「日本の不登校と世界の欠席者状況をデータで読み解く
国際調査と日本の調査をもとに、子どもの学習権について考えます。
第1の視点|「どれだけ休んでいるか」
・"ものさし"の違いに注意が必要
(日本は年間連続ではなく累計で30日、PISAは3か月連続で欠席した児童生徒を抽出)
・基準を厳しくそろえた場合
日本の現状は突出して多いわけではなく、日本を上回る国がいくつも並ぶ。
第2の視点|「なぜ休んでいるか」
・世界では「学校で安全だと感じられない」「退屈」といった割合が多い国が多数存在し、日本のなかでも多い理由:「無気力・不安」という点と重なる。
日本は不登校とカテゴリーをつけているが、日本だけの特殊な問題ではない。
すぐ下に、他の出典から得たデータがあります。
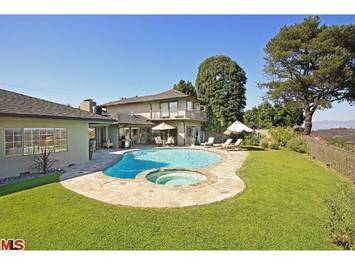 2360 Roscomare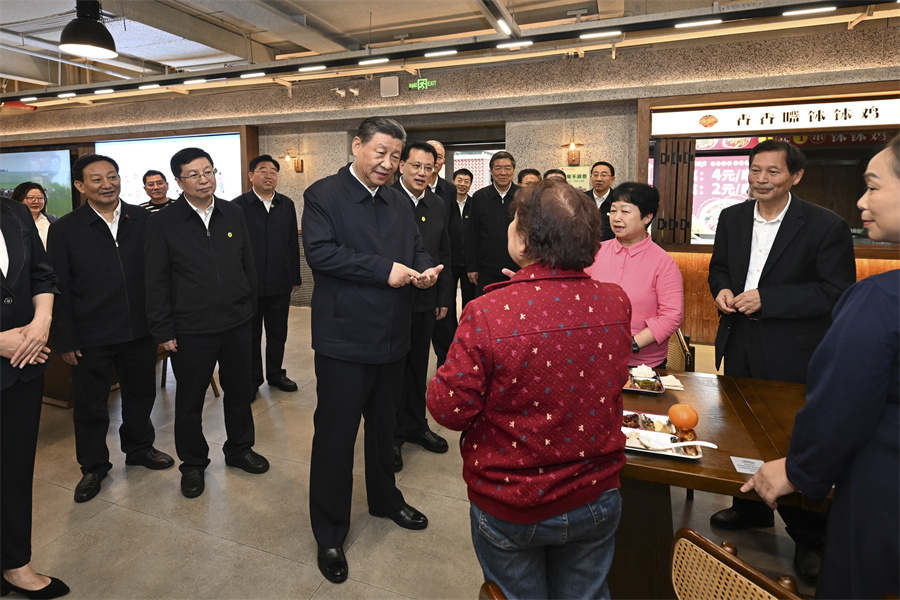 2024年4月22日下午，習(xí)近平在九龍坡區(qū)謝家灣街道民主村社區(qū)考察時(shí)，同正在社區(qū)食堂就餐的群眾親切交流。新華社記者 謝環(huán)馳 攝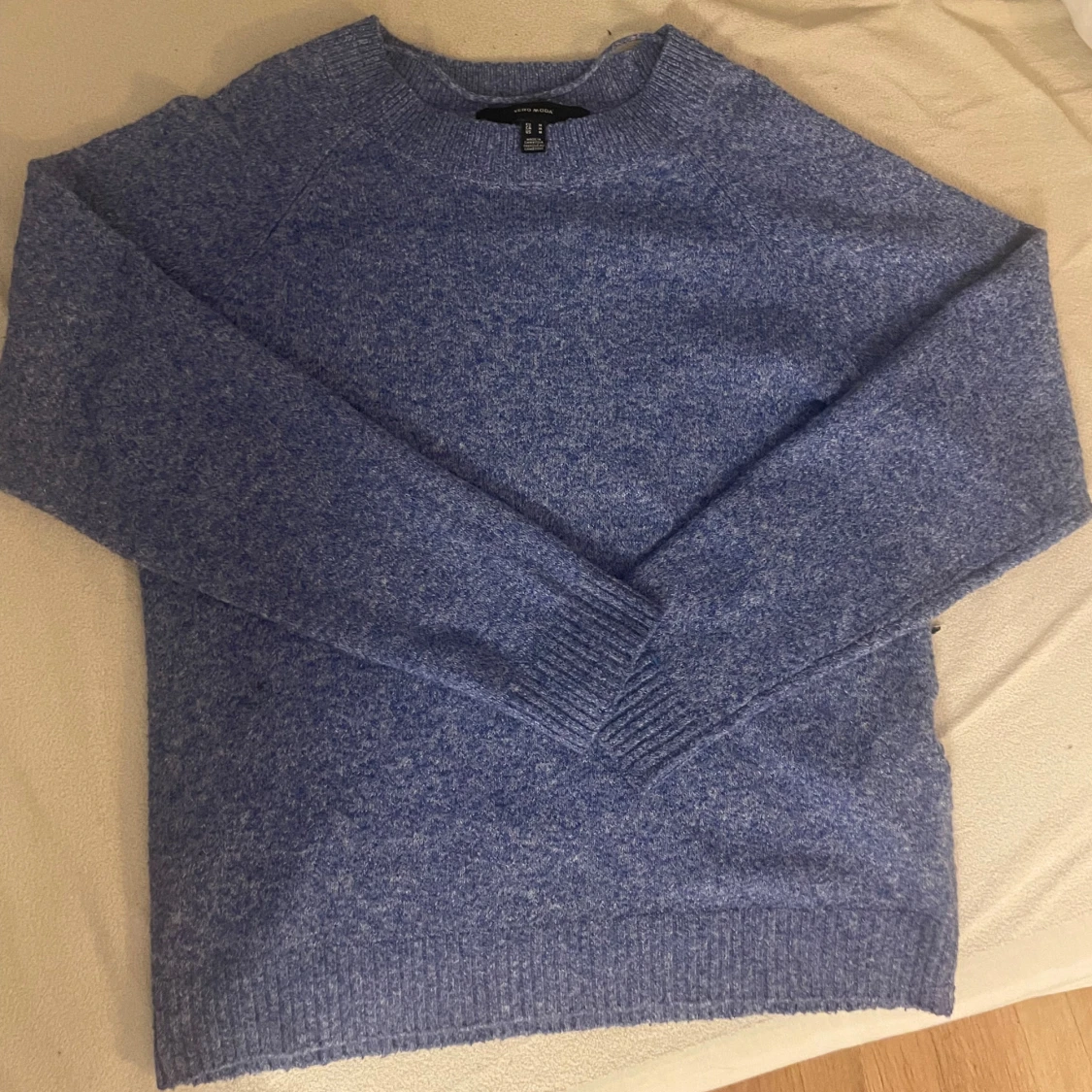 Blå stickad tröja  - 2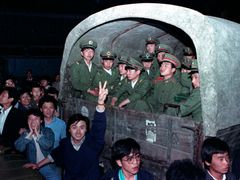 Čína, Tian-an-men, 4. června 1989. Lidé brání vojákům, aby pokračovali v cestě směrem k náměstí Nebeského klidu, kde stanují studenti.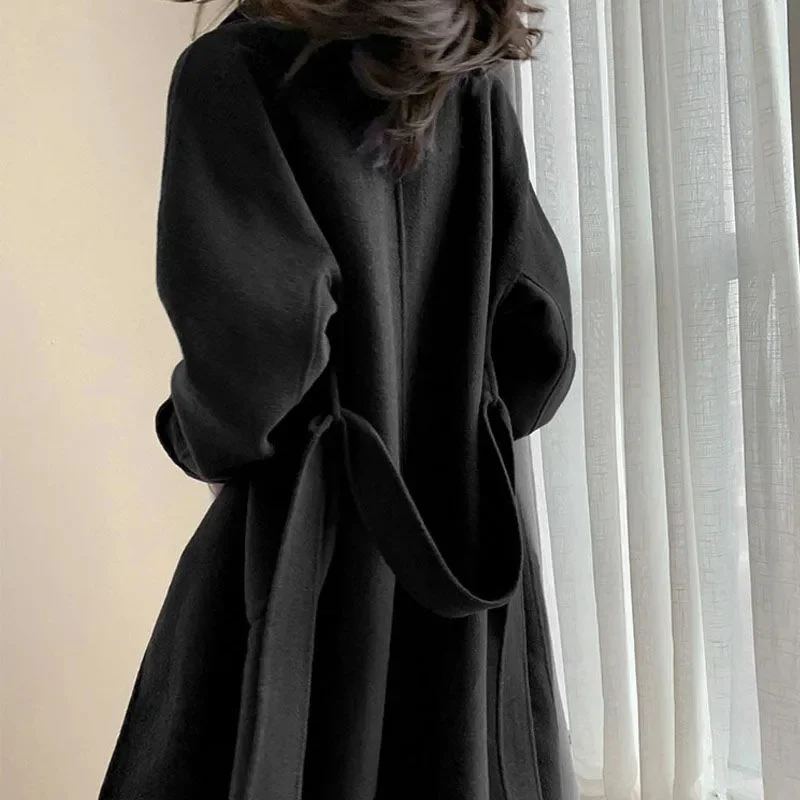 Women‘s Coat Winter Korean Fashion Long Coated Thickened Woolen Winter Coat for Women Black Coat Harajuku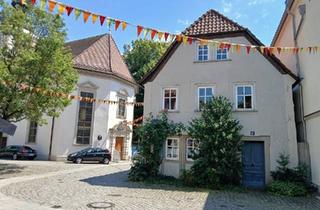 Einfamilienhaus kaufen in 97421 Schweinfurt, Schweinfurt - Freistehendes Einfamilienhaus mit Geschichte und Komfort im Zürch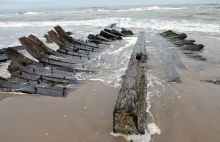 Międzywodzie: Morze wyrzuciło wrak na brzeg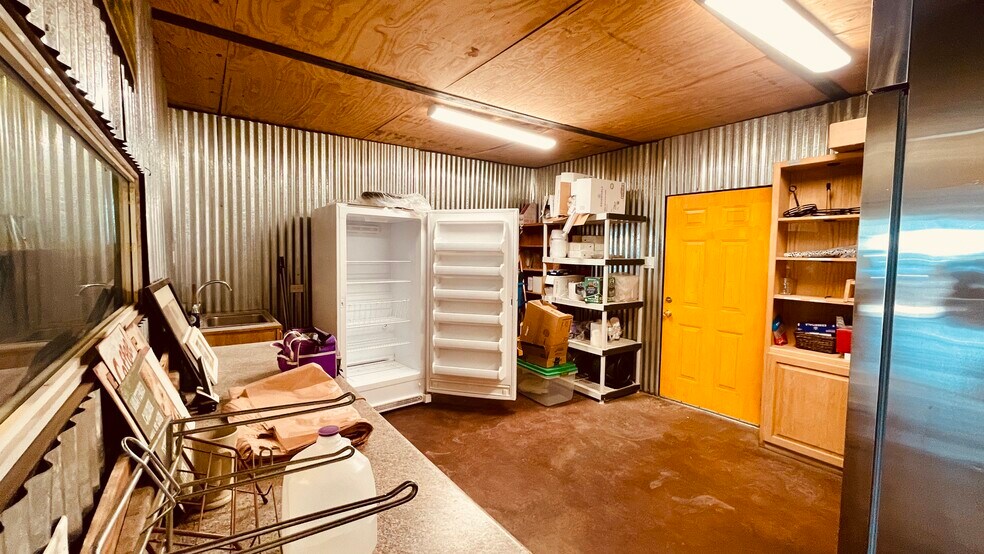 More Photos Of 1613 W San Antonio St, Marfa Specialty For Sale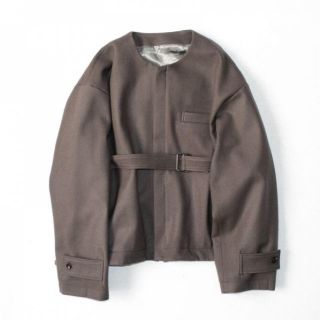 サンシー(SUNSEA)の専用　stein NO COLLAR BELTED JACKET・G.TAUPE(ノーカラージャケット)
「安心できない」「意欲がわかない」という、世界中の子どもが直面しうる普遍的な課題である。
日本の最新調査では、増加率が鈍化し、新たに不登校になった子の数は減少した。世界共通の対策の手がかりに、あたたかい学校の雰囲気、「ここに居場所がある」という感覚、先生との良い関係、欠席が根づく前の早い対応があり、罰や締めつけではなく、"支えること"とある。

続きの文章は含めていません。